Reverse engineering server hardware and messing with power supplies can be risky. Please, be extremely careful in doing so. I am not responsible if something blows up.
Again let's start with basic plan:
- Figure out how to connect 12V to it.
- Figure out how much power do we need
- Implement
- If fails debug, try implementing it another way
Connecting
Let's start with dissecting original case:
Link to case manual
Link to backplane manual
Looks like not whole a lot of components here, and very little logic. I decided to assume that Supermicro engineers are lazy (like I am) or they trust there is no dumbass (like me) who would try to power it directly from 12v. Simple short circuit check with multi-meter reveals: Side of connector that faces board is 12V, and the other one is GND.
Power requirements
Let's serach for original power supply. Little googling after, I found that it's 2x12v 2000w redundant PSUs.
This power supplies are for 4 nodes each (500w per node), but since they are Enterprise grade, there is non zero chance that they can push a little bit more over spec.
To be sure, I decided to get approx max power consumption just based on components:
- 2xCPU, 65w each
- 16xDimms, up to 10w each, 160w
- Motherboard, 50-100w To give room for CPU upgrades, I assumed that up to 150w per cpu is possible. This lands us on 500-550w, confirming previous assumption based on original PSU.
Requirements:
- I will need 12v only
- ATX is too thick
- Server PSUs could be harder to connect
Based on those I decided to choose: Mean Well LRS-600N2-12 It's:
- 12v
- 600w
- N2 Series of LRS can deliver bursts of even more (if needed)
- Fits in 1u
- Mostly quite
- Un-standard form factor, but fits in 1U space
- Cheap
- Mean Well is mostly good manufacturer of industrial PSUs.
Implementation, Type-0
Plan:
- Solder contacts directly to connector, as temporary solution (this is temporary solution while debugging, never solder power wires to flat pads.)

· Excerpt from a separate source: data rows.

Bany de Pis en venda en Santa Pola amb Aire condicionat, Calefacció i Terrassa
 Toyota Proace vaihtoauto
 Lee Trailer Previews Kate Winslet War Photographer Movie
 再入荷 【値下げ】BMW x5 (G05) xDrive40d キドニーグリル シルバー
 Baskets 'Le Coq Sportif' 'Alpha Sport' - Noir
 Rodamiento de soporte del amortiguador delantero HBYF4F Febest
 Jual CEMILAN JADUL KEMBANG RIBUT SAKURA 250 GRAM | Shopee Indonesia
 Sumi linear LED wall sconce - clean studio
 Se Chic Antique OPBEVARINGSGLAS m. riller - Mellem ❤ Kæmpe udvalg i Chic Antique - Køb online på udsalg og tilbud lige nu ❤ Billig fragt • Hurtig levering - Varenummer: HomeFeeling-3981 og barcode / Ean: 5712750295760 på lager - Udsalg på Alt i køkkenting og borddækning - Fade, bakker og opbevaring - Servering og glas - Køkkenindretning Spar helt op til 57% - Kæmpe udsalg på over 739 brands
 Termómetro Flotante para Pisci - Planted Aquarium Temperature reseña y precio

- Connect it to power supply
- Try to power it on, connect PSU with power meter in between to better understand what happens.
Aaaandd... nothing happens, PSU consumes 4W, fans doesn't start, IPMI1 Ethernet doesn't seem to connect.
I've also tried connecting to vga port; checked voltages on fanheader, USB, Sata power connector all of them show 0. That’s when I realized something critical was missing.
I guess Supermicro engineers aren't as lazy as I expected.
Reverse engineering backplane adapter
Two most important take from the chapter to the reader:
- RTFM, sometimes manufacturer will include pinout (In my case, I didn't found one)
- "reverse engineering if anything is more like playing Sudoku, your main goal isn't to find and answer, but try to reduce field of possibilities."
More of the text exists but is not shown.